\name{daisy}
\alias{daisy}
\title{Dissimilarity Matrix Calculation}
\concept{Gower's formula}
\concept{Gower's distance}
\concept{Gower's coefficient}% FIXME: see ../TODO-MM
\description{
  Compute all the pairwise dissimilarities (distances) between observations
  in the data set.  The original variables may be of mixed types.  In
  that case, or whenever \code{metric = "gower"} is set, a
  generalization of Gower's formula is used, see \sQuote{Details}
  below.
}
\usage{
daisy(x, metric = c("euclidean", "manhattan", "gower"),
      stand = FALSE, type = list(), weights = rep.int(1, p),
      warnBin = warnType, warnAsym = warnType, warnConst = warnType,
      warnType = TRUE)
}
\arguments{
  \item{x}{
    numeric matrix or data frame, of dimension \eqn{n\times p}{n x p},
    say.  Dissimilarities will be computed
    between the rows of \code{x}.  Columns of mode \code{numeric}
    (i.e. all columns when \code{x} is a matrix) will be recognized as
    interval scaled variables, columns of class \code{factor} will be
    recognized as nominal variables, and columns of class \code{ordered}
    will be recognized as ordinal variables.  Other variable types
    should be specified with the \code{type} argument.  Missing values
    (\code{\link{NA}}s) are allowed.
  }
  \item{metric}{
    character string specifying the metric to be used.
    The currently available options are \code{"euclidean"} (the default),
    \code{"manhattan"} and \code{"gower"}.\cr
    Euclidean distances are root sum-of-squares of differences, and
    manhattan distances are the sum of absolute differences.
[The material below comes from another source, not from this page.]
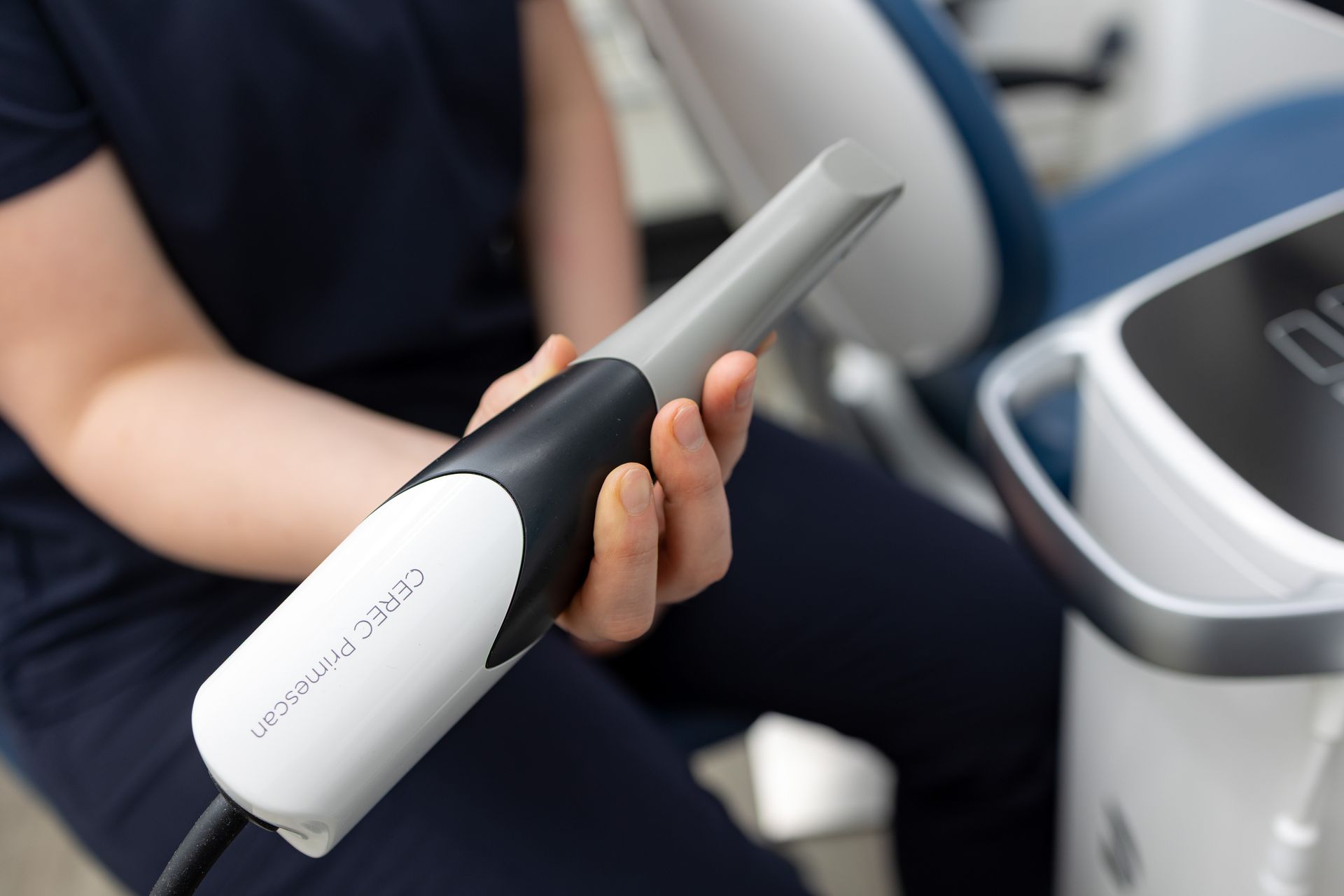 Zahnarzt hält einen Intraoralscanner, ein Werkzeug für digitale Zahnabdrücke.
    \dQuote{Gower's distance} is chosen by metric \code{"gower"}
    or automatically if some columns of \code{x} are not numeric. Also
    known as Gower's coefficient (1971),
    expressed as a dissimilarity, this implies that a particular
    standardisation will be applied to each variable, and the
    \dQuote{distance} between two units is the sum of all the
    variable-specific distances, see the details section.
  }
  \item{stand}{logical flag: if TRUE, then the measurements in \code{x}
    are standardized before calculating the
    dissimilarities.  Measurements are standardized for each variable
    (column), by subtracting the variable's mean value and dividing by
    the variable's mean absolute deviation.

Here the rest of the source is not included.